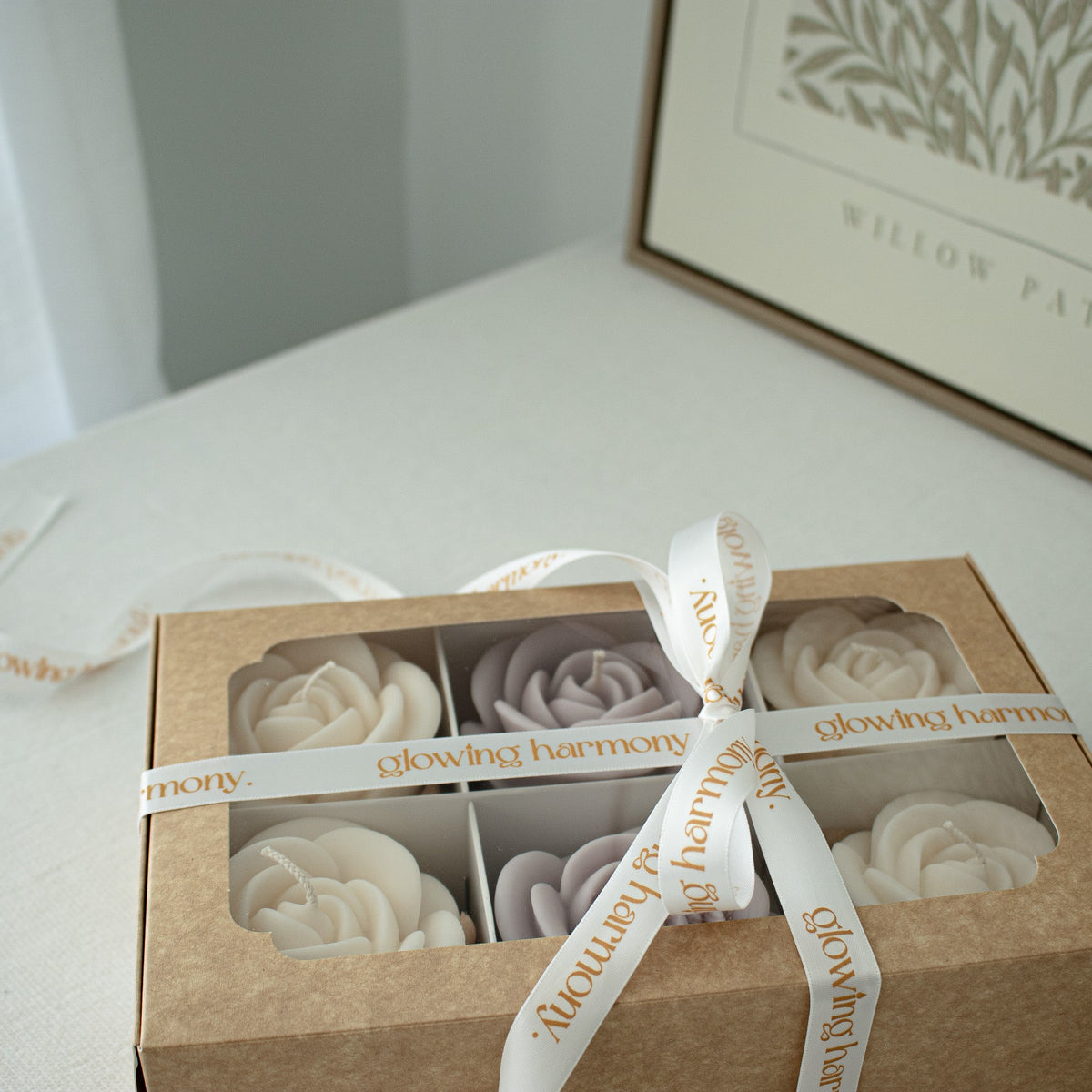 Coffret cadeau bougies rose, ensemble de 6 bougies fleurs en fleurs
==========
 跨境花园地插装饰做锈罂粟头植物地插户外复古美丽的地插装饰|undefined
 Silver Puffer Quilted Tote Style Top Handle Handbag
==========
▸ Task goal: Set down, from the entries above, exactly the lines from the one with "跨境花园地插装饰做锈罂粟头植物地插户外复古美丽的地插装饰|undefined" up to and including the one with "Silver Puffer Quilted", and no other lines.

▸ Solution for this task:
 跨境花园地插装饰做锈罂粟头植物地插户外复古美丽的地插装饰|undefined
 Silver Puffer Quilted Tote Style Top Handle Handbag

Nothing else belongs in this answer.